### Task brief
Below are entries; copy exactly the lines from the one with "Auch heute Morgen" through the one with "Насмерть задавил пешехода", both included, and leave out the rest.

Caption-style text data
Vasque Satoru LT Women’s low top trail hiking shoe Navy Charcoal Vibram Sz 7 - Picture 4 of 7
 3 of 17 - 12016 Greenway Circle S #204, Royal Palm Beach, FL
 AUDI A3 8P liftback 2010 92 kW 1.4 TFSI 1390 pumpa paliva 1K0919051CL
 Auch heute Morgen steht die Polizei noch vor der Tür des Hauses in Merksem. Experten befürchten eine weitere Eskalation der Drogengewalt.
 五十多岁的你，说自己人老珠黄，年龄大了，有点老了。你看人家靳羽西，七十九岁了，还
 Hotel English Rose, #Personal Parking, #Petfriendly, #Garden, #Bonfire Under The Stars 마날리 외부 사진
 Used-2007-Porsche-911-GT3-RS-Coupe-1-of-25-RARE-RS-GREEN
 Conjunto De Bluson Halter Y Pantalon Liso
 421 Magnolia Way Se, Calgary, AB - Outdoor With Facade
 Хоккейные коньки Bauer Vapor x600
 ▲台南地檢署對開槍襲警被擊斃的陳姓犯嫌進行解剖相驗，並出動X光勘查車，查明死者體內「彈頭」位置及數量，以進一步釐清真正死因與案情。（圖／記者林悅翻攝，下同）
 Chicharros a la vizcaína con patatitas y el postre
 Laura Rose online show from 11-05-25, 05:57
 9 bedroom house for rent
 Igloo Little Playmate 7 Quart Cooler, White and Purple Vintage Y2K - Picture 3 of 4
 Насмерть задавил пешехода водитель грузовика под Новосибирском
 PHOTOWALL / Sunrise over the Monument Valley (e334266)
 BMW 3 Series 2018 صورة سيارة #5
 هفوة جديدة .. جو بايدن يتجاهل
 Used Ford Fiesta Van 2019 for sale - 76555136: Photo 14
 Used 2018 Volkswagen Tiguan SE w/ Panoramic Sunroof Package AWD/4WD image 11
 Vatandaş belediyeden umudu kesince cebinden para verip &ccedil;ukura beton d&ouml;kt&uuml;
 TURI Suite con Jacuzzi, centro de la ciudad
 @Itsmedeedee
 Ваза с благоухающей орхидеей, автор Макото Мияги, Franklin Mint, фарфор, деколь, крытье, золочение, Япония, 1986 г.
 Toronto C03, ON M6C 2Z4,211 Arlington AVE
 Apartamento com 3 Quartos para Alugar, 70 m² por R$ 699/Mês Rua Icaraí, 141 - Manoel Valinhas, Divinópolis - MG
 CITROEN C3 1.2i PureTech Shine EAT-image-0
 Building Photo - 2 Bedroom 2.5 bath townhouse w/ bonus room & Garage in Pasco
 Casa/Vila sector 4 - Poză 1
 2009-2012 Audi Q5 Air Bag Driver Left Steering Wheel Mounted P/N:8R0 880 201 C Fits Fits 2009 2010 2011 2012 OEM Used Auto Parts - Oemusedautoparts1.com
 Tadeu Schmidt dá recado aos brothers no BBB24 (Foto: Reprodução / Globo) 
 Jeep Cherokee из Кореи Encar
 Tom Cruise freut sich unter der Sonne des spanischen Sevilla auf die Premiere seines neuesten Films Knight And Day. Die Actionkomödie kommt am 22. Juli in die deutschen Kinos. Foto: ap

### Exercise answer
 Auch heute Morgen steht die Polizei noch vor der Tür des Hauses in Merksem. Experten befürchten eine weitere Eskalation der Drogengewalt.
 五十多岁的你，说自己人老珠黄，年龄大了，有点老了。你看人家靳羽西，七十九岁了，还
 Hotel English Rose, #Personal Parking, #Petfriendly, #Garden, #Bonfire Under The Stars 마날리 외부 사진
 Used-2007-Porsche-911-GT3-RS-Coupe-1-of-25-RARE-RS-GREEN
 Conjunto De Bluson Halter Y Pantalon Liso
 421 Magnolia Way Se, Calgary, AB - Outdoor With Facade
 Хоккейные коньки Bauer Vapor x600
 ▲台南地檢署對開槍襲警被擊斃的陳姓犯嫌進行解剖相驗，並出動X光勘查車，查明死者體內「彈頭」位置及數量，以進一步釐清真正死因與案情。（圖／記者林悅翻攝，下同）
 Chicharros a la vizcaína con patatitas y el postre
 Laura Rose online show from 11-05-25, 05:57
 9 bedroom house for rent
 Igloo Little Playmate 7 Quart Cooler, White and Purple Vintage Y2K - Picture 3 of 4
 Насмерть задавил пешехода водитель грузовика под Новосибирском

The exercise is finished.